=== ABOUT THIS TASK ===
Without the pictures, set down every record below exactly as it reads.

=== DATA FOR REVIEW ===
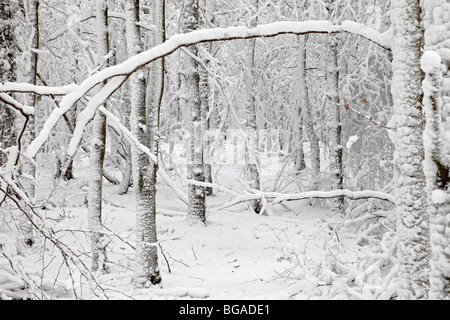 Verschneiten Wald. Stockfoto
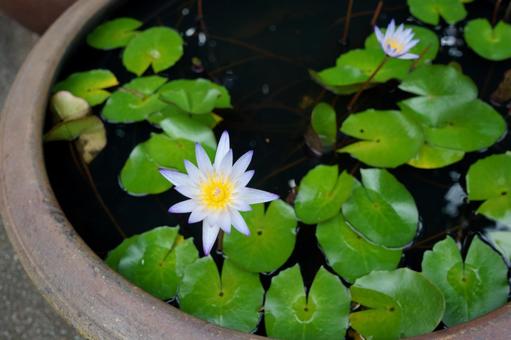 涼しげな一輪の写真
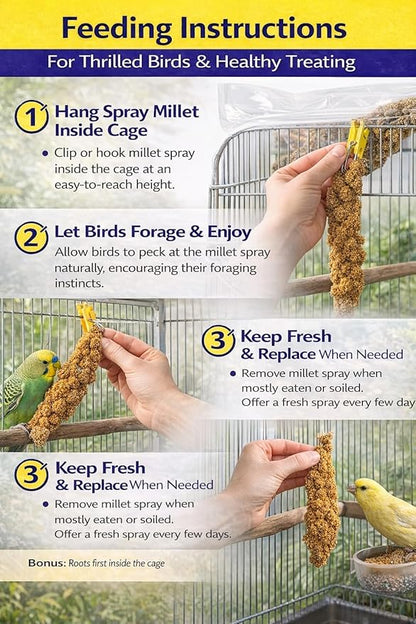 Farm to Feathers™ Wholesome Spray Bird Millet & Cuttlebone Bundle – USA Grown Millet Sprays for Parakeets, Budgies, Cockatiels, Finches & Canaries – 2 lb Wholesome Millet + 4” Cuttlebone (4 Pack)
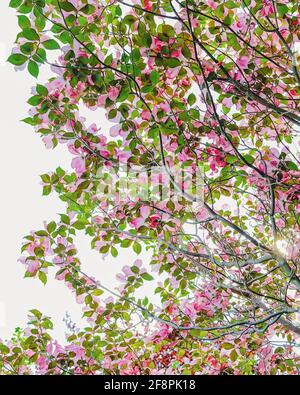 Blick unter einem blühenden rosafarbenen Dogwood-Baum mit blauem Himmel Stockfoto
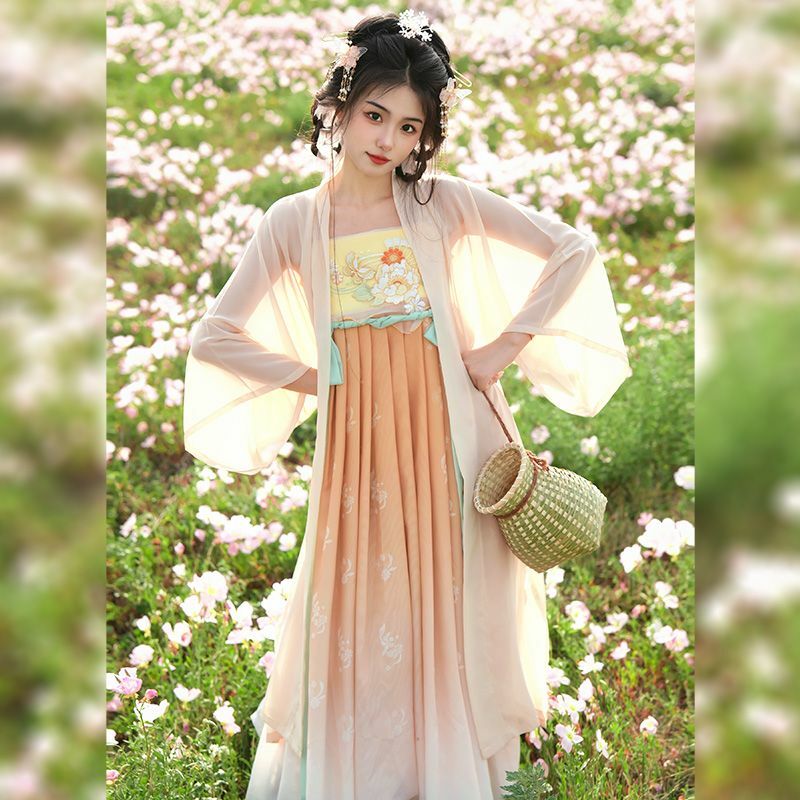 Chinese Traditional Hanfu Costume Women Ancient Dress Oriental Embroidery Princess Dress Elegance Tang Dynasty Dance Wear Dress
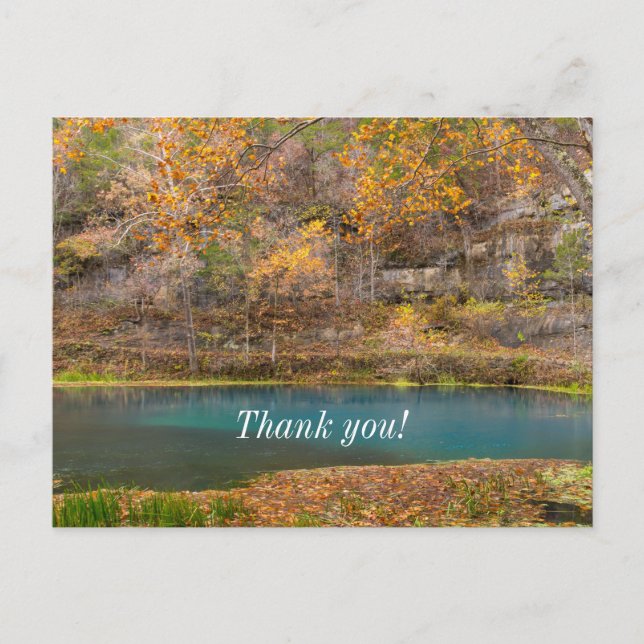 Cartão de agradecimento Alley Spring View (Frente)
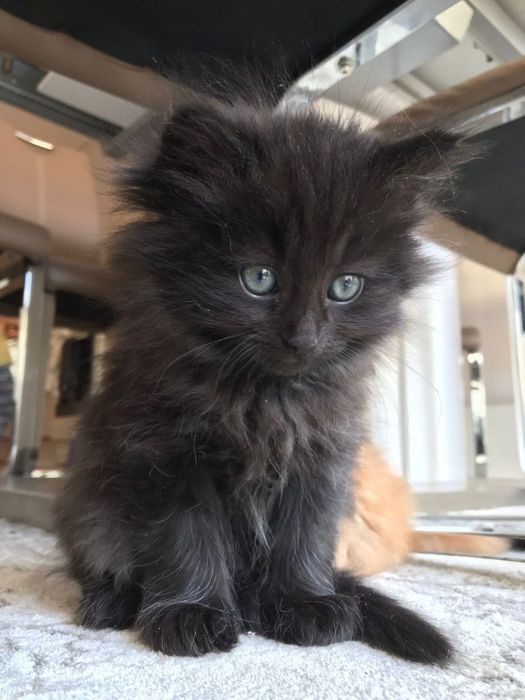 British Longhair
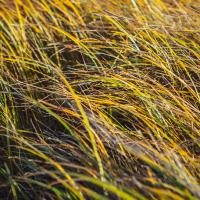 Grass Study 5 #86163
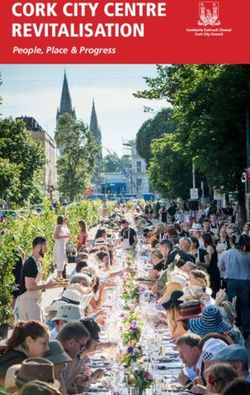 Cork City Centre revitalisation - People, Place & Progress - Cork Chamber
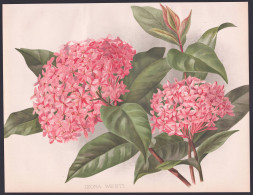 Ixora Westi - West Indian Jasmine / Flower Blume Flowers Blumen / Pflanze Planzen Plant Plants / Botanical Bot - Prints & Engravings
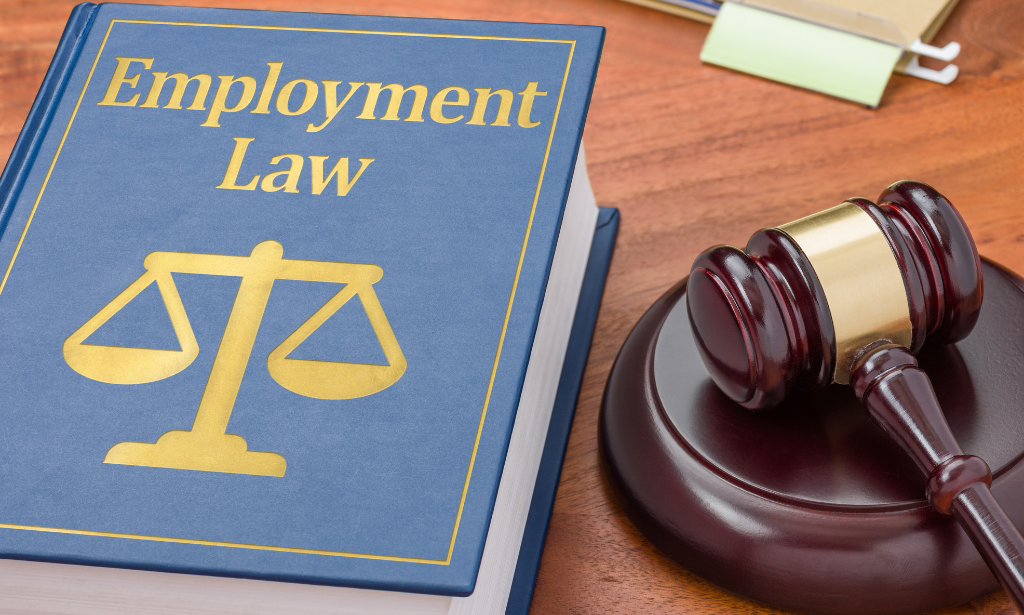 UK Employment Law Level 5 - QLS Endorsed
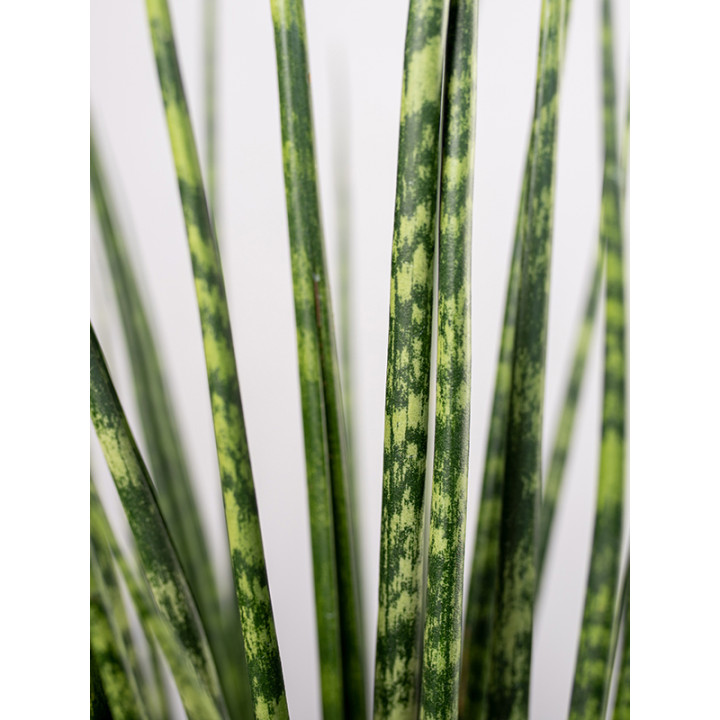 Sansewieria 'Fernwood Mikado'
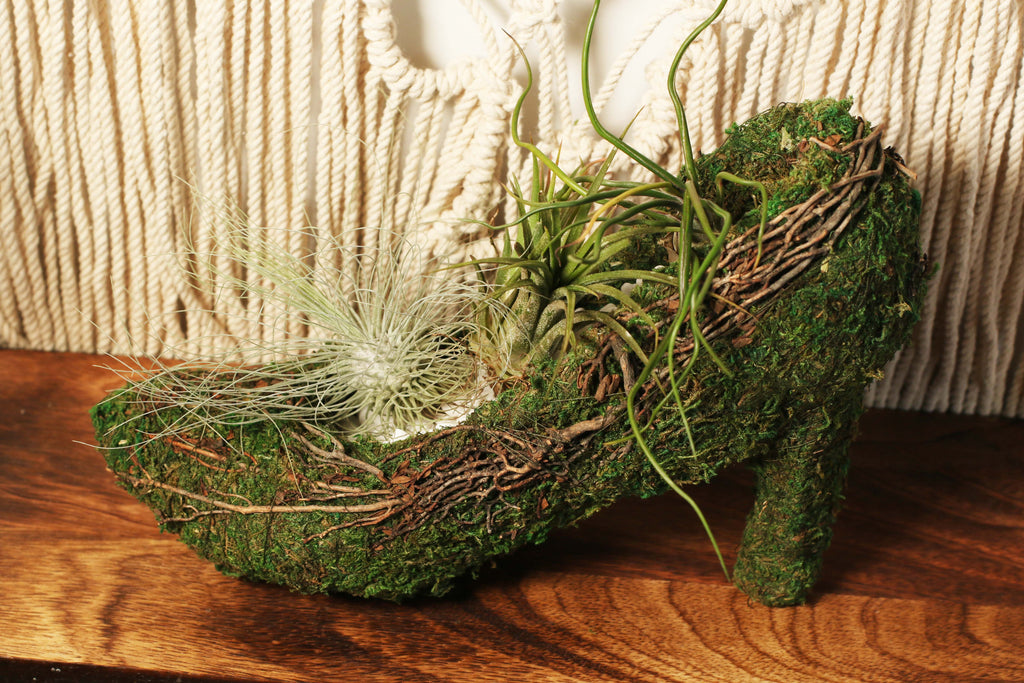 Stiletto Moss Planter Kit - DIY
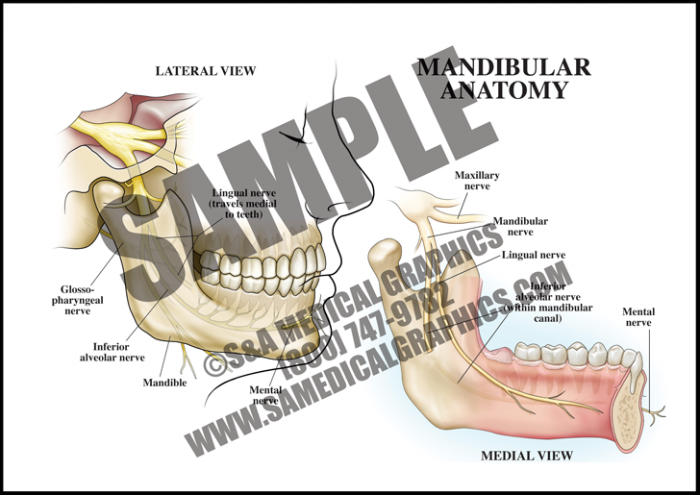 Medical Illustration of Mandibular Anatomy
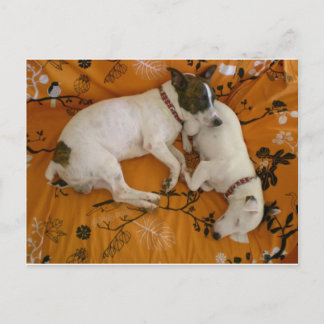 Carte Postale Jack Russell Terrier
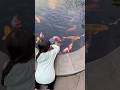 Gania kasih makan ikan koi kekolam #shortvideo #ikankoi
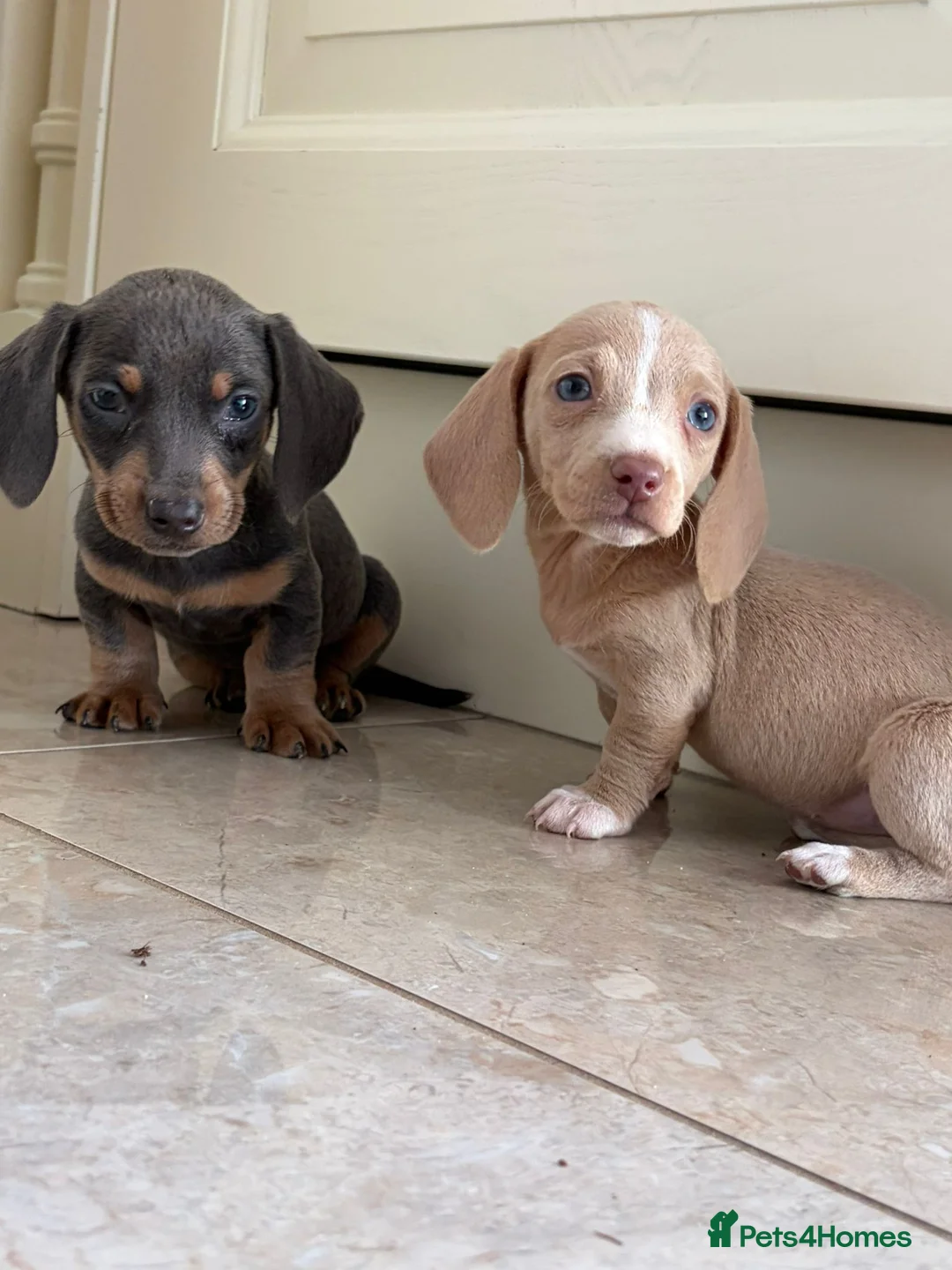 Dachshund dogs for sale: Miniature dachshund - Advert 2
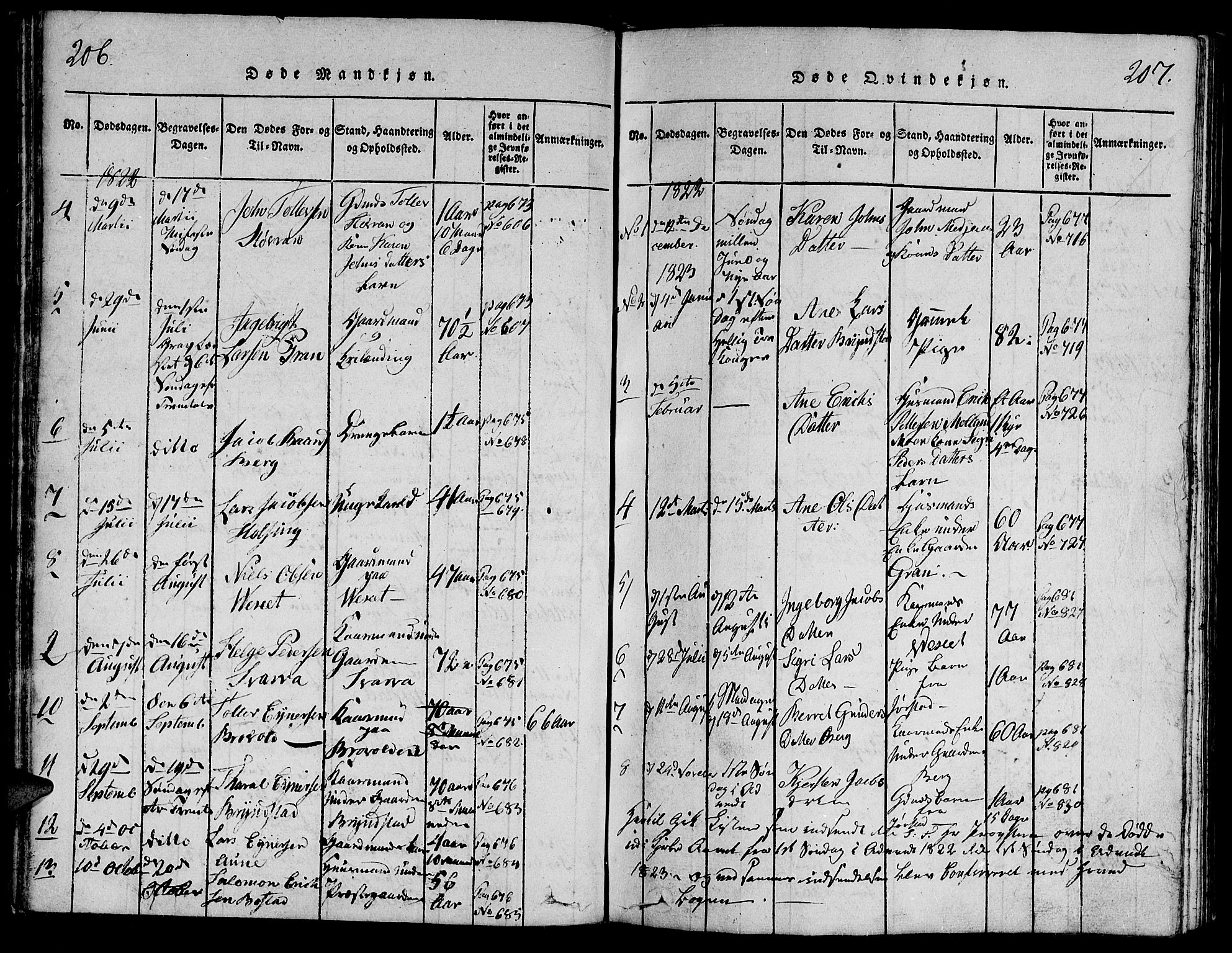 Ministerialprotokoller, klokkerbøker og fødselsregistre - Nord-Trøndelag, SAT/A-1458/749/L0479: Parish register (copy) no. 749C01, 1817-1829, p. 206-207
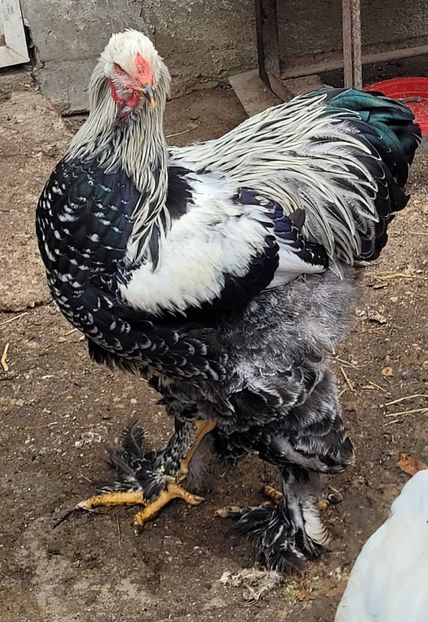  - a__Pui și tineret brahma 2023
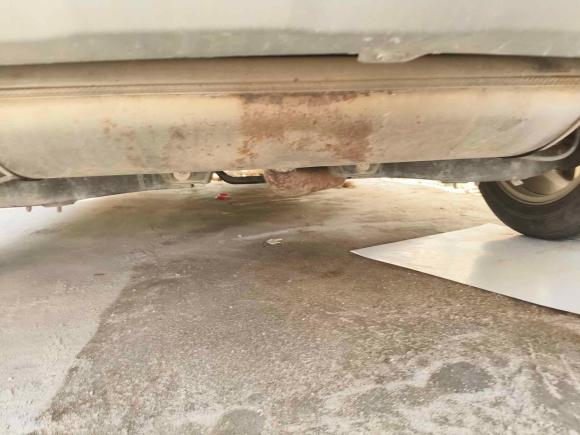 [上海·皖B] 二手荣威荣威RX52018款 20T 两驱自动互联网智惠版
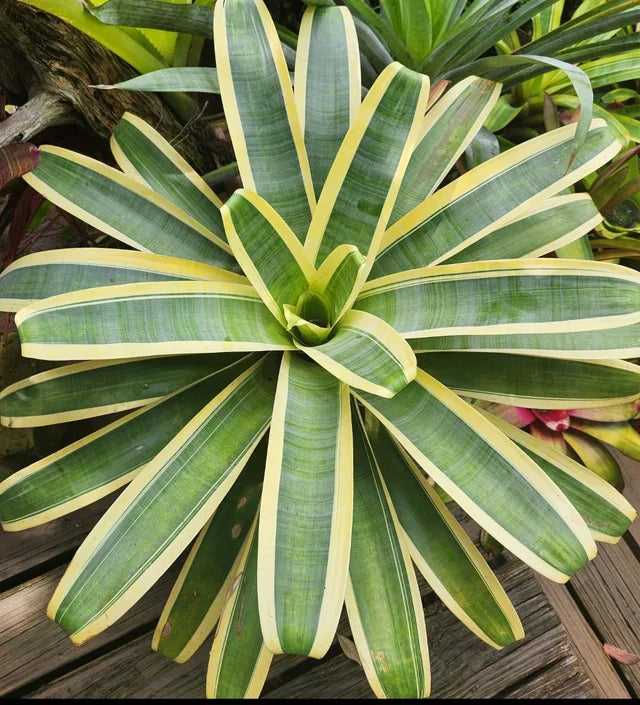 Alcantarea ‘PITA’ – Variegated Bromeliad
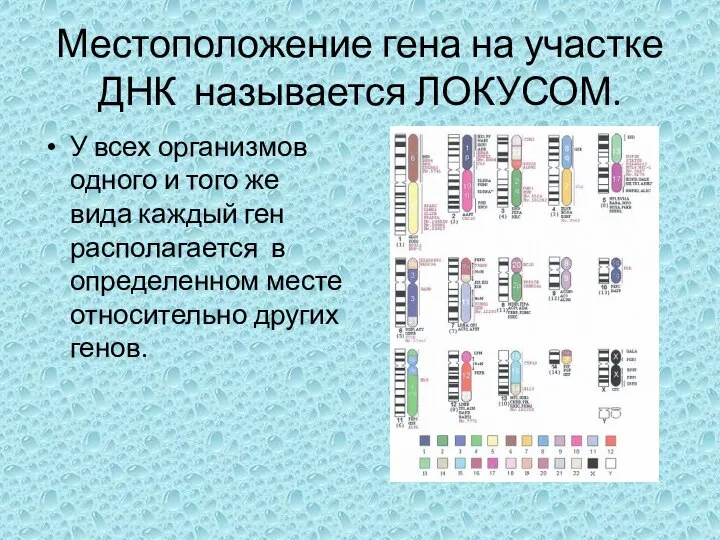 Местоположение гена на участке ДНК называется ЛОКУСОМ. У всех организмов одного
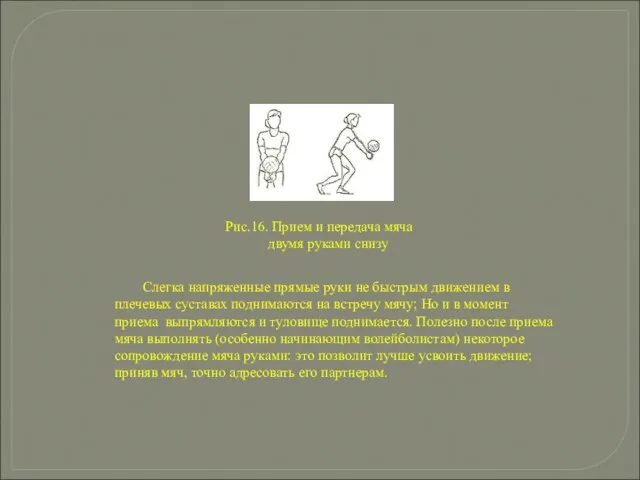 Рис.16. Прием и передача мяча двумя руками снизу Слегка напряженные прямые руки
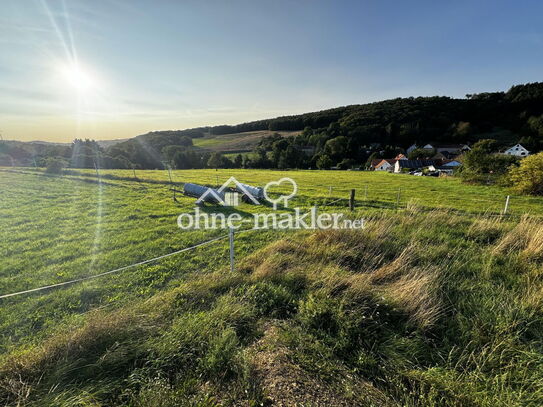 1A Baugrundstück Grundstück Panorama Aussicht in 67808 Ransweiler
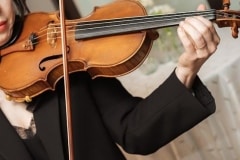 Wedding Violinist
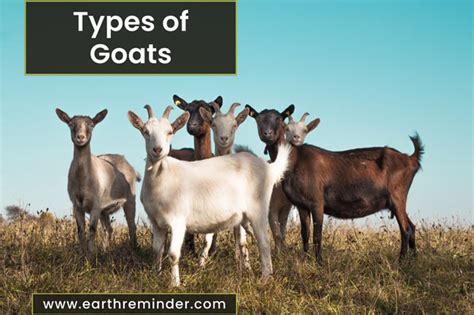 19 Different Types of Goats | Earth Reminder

=== PROBLEM SOLUTION ===
 Verschneiten Wald. Stockfoto
 涼しげな一輪の写真
 Farm to Feathers™ Wholesome Spray Bird Millet & Cuttlebone Bundle – USA Grown Millet Sprays for Parakeets, Budgies, Cockatiels, Finches & Canaries – 2 lb Wholesome Millet + 4” Cuttlebone (4 Pack)
 Blick unter einem blühenden rosafarbenen Dogwood-Baum mit blauem Himmel Stockfoto
 Chinese Traditional Hanfu Costume Women Ancient Dress Oriental Embroidery Princess Dress Elegance Tang Dynasty Dance Wear Dress
 Cartão de agradecimento Alley Spring View (Frente)
 British Longhair
 Grass Study 5 #86163
 Cork City Centre revitalisation - People, Place & Progress - Cork Chamber
 Ixora Westi - West Indian Jasmine / Flower Blume Flowers Blumen / Pflanze Planzen Plant Plants / Botanical Bot - Prints & Engravings
 UK Employment Law Level 5 - QLS Endorsed
 Sansewieria 'Fernwood Mikado'
 Stiletto Moss Planter Kit - DIY
 Medical Illustration of Mandibular Anatomy
 Carte Postale Jack Russell Terrier
 Gania kasih makan ikan koi kekolam #shortvideo #ikankoi
 Dachshund dogs for sale: Miniature dachshund - Advert 2
 Ministerialprotokoller, klokkerbøker og fødselsregistre - Nord-Trøndelag, SAT/A-1458/749/L0479: Parish register (copy) no. 749C01, 1817-1829, p. 206-207
  - a__Pui și tineret brahma 2023
 [上海·皖B] 二手荣威荣威RX52018款 20T 两驱自动互联网智惠版
 Alcantarea ‘PITA’ – Variegated Bromeliad
 Местоположение гена на участке ДНК называется ЛОКУСОМ. У всех организмов одного
 Рис.16. Прием и передача мяча двумя руками снизу Слегка напряженные прямые руки
 1A Baugrundstück Grundstück Panorama Aussicht in 67808 Ransweiler
 Wedding Violinist
 19 Different Types of Goats | Earth Reminder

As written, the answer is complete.